我有一个类似于以下内容的数据框:
library(tidyverse)
set.seed(4214)
df <- data.frame(value = sample(x = 1:50, 70, replace = TRUE),
group = sample(x = letters, 70, replace = TRUE),
stringsAsFactors = FALSE) %>%
as_tibble() %>%
arrange(group)
其中group
是我的分组变量,并且每个值以不同的频率出现(例如group == "a"
出现5次,group == "b"
出现6次,依此类推)。
我需要将此数据尽可能平均地分成n = 9
个子数据帧。但是,要注意的是,我无法在子集之间拆分相同的分组变量。例如,group == "b"
不能同时出现在子集1和子集2中。
n <- 9
df %>%
mutate(divider = rep(x = 1:n,
each = ceiling(nrow(.)/n),
length.out = nrow(.))) %>%
split(.$divider)
在这里,我创建了一个divider
列,希望将数据分成子集。但是group
的给定值可能具有divider
的两个不同值。因此,此处将分组变量划分为子集。我一直在尝试使用nest
和lag
来改善这一点,但到目前为止没有成功。
我知道子集的行号将不相等,但是我希望有以下类似的东西:
$`1`
# A tibble: 11 x 3
value group divider
<int> <chr> <int>
1 43 a 1
2 22 a 1
3 1 a 1
4 5 a 1
5 4 a 1
6 18 b 1
7 32 b 1
8 33 b 1
9 47 b 1
10 43 b 1
11 35 b 1
$`2`
# A tibble: 6 x 3
value group divider
<int> <chr> <int>
1 24 c 2
2 3 d 2
3 12 d 2
4 13 e 2
5 6 e 2
6 45 f 2
$`3`
...
答案 0 :(得分:1)
一种实现方法,但这取决于数据的顺序,是按组对实例进行计数,并用与所需组数最接近的整数将它们分开。

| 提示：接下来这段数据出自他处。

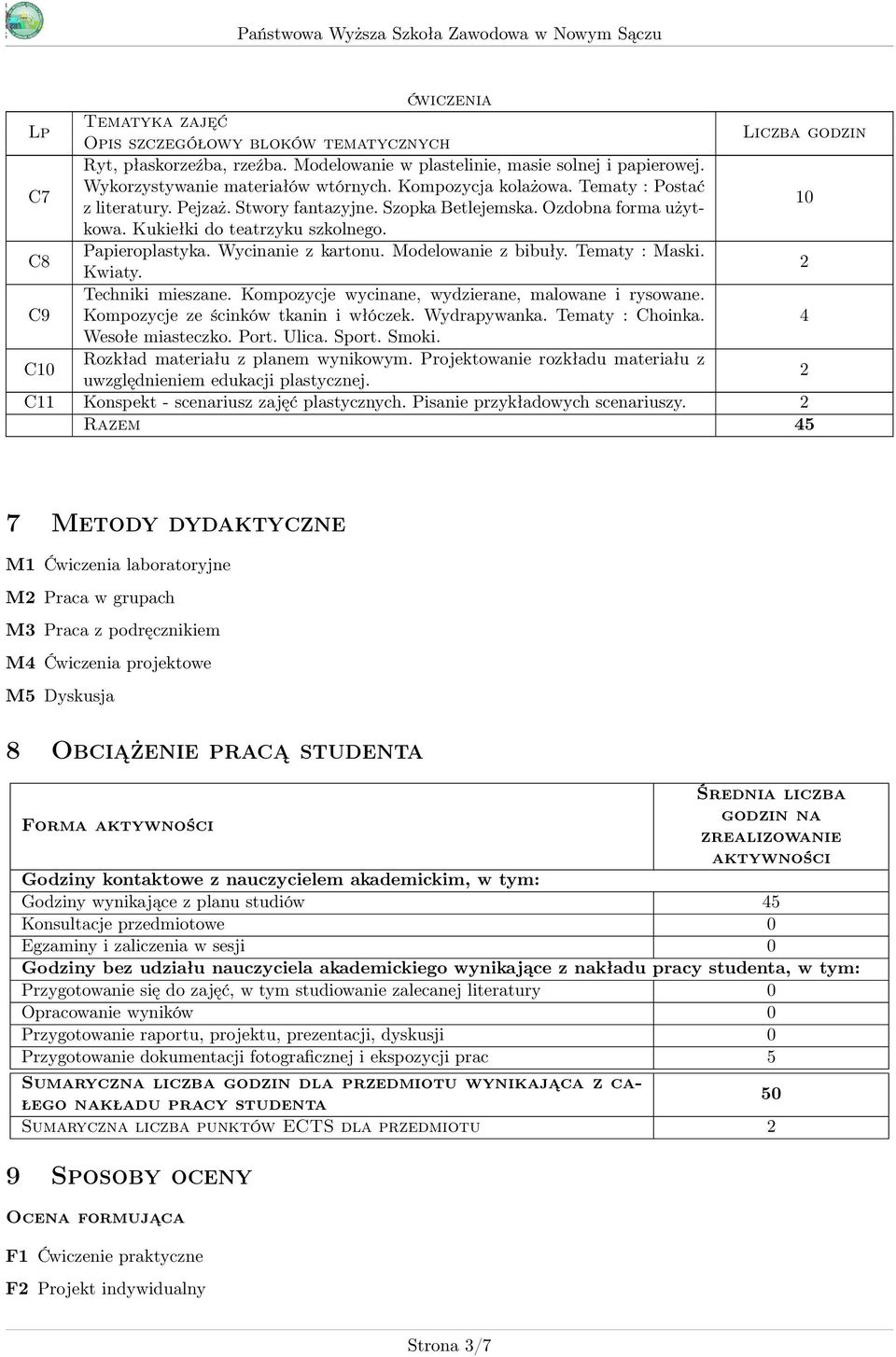 Modelowanie z bibuły. Tematy : Maski. Kwiaty. C9 Techniki mieszane. Kompozycje wycinane, wydzierane, malowane i rysowane. Kompozycje ze ścinków tkanin i włóczek. Wydrapywanka. Tematy : Choinka.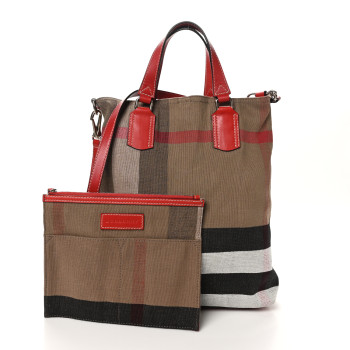 BURBERRY Canvas Mega Check Medium Tottenham Brit Tote Cadmium Red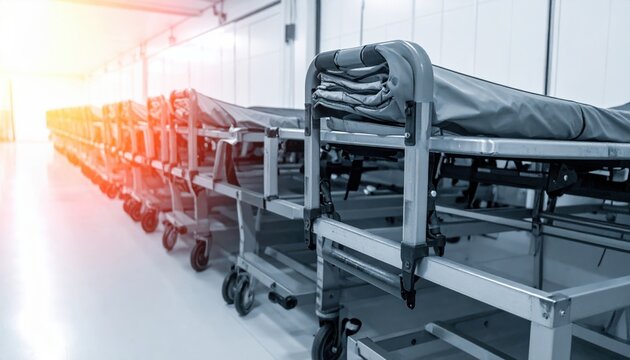 Rows of empty medical evacuation stretchers arranged neatly in a storage facility, representing high level institutional readiness for emergency and critical patient transport operations.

如果需要9组,则将累积频率相加并除以9。取整数并将其用作数据集的新拆分变量
dftab <- as.data.frame(table(df$group)) %>%
mutate(nobs = cumsum(Freq),
newgrouping = ceiling(nobs/9)) %>%
group_by(newgrouping ) %>%
summarise(number_obs = sum(Freq))
dftab
# A tibble: 8 x 2
newgrouping number_obs
<dbl> <int>
1 1 5
2 2 12
3 3 9
4 4 10
5 5 9
6 6 7
7 7 11
8 8 7
对于“尽可能均匀”,我们可以对各组观测值的标准差进行愚蠢的优化。在这里,依靠组变量的顺序可以帮助完成此过程。
set.seed(4214)
df <- data.frame(value = sample(x = 1:50, 70, replace = TRUE),
group = sample(x = letters, 70, replace = TRUE),
stringsAsFactors = FALSE) %>%
as_tibble() %>%
arrange(group)
store_group <- list()
store_sd <- NA_integer_
for(i in 1:1000){
dftab <- table(df$group) %>%
as.data.frame() %>%
# important step is to shuffle the group variable every iteration
mutate(group = factor(Var1, levels = df$group %>%
unique %>%
sample)) %>%
arrange(group) %>%
mutate(nobs = cumsum(Freq),
newgrouping = ceiling(nobs/9)) %>%
select(newgrouping, group, Freq)
store_group[[i]] <- dftab
df_sd <- dftab %>%
group_by(newgrouping) %>%
summarise(number_obs = sum(Freq))
store_sd[i] <- sd(df_sd$number_obs)
}
这将导致
store_group[[which.min(store_sd)]] %>%
group_by(newgrouping) %>%
summarise(number_obs = sum(Freq))
newgrouping number_obs
<dbl> <int>
1 1 9
2 2 9
3 3 9
4 4 8
5 5 9
6 6 9
7 7 8
8 8 9
其中store_group[[which.min(store_sd)]]
拥有原始数据,并具有“最佳”分组的可能(给定循环中的迭代次数),而当您按{{1}拆分数据集时,整个数据集没有相同的group
}变量
答案 1 :(得分:1)
假设您想要按字母顺序排列的解决方案,如预期输出所示;您可以将cumsum
除以所需的分割数(即9
),以改变上限和下限,并更均匀地分配组。这将导致向量x
,其中分裂指示符已分配给group
变量的每个类别。 x
单独拆分,然后给出一个列表,可使用lapply
拆分数据帧。
x <- round(cumsum(table(dat$group)) / (nrow(dat) / 9))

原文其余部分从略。